Das erste ökumenische Konzil fand vom 19. Juni bis 25. August 325 n. Chr. statt. Für unsere Fragestellung ist der Kanon 19 des Konzils wichtig, der den Umgang mit den Anhängern des Paul von Samosata regelt. Der Großmeister der katholischen Konzilienforschung im deutschen Sprachraum  – es handelt sich um den ehemaligen Bischof von Rottenburg-Stuttgart, Karl Josef Hefele († 1898), hat den Kanon in seiner Conciliengeschichte abgedruckt. (Conciliengeschichte I, S. 427)
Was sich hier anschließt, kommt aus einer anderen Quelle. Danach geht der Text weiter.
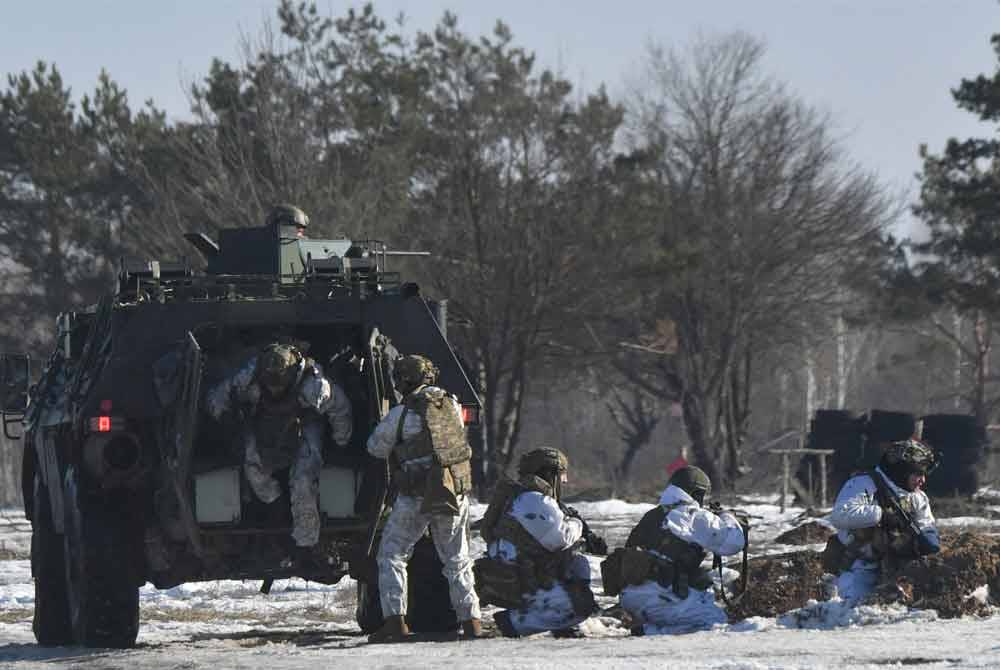 Anggota tentera Ukraine menyertai latihan ketenteraan di wilayah Zhytomyr pada Selasa, di tengah pencerobohan Rusia di Ukraine. Foto AFP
Ich habe diesen Kanon so übersetzt: »Hinsichtlich der Paulianisten, die dann ihre Zuflucht in der katholischen Kirche gesucht haben, wurde die Regel aufgestellt, sie auf jeden Fall wiederzutaufen. Wenn aber einige in früheren Zeiten zum Klerus gezählt wurden, wenn sie schuldlos und von Vorwürfen frei zu sein scheinen, sollen sie wiedergetauft und ihnen die Hände vom Bischof der katholischen Kirche aufgelegt werden. Wenn die Untersuchung sie aber als nicht geeignet herausfindet, dann sollen sie ausgeschlossen werden. In gleicher Weise aber soll auch hinsichtlich der Diakonissen, und überhaupt hinsichtlich der in der Liste verzeichneten Personen die gleiche Vorgehensweise beachtet werden. Wir haben aber die Diakonissen, die in dieser Form verzeichnet sind, erwähnt, da sie ja nicht das Auflegen der Hände haben, sodass sie auf jeden Fall zu den Laien zu zählen sind.« (MÜ)

Konzil von Chalcedon

Dieses vierte ökumenische Konzil fand vom 8. Oktober bis Anfang November 451 statt. Die Diakonissin ist Thema des 15. Kanons dieser großen Kirchenversammlung. Ich gebe hier bewusst nur die Übersetzung Hefeles (Conciliengeschichte II, S. 597) wieder.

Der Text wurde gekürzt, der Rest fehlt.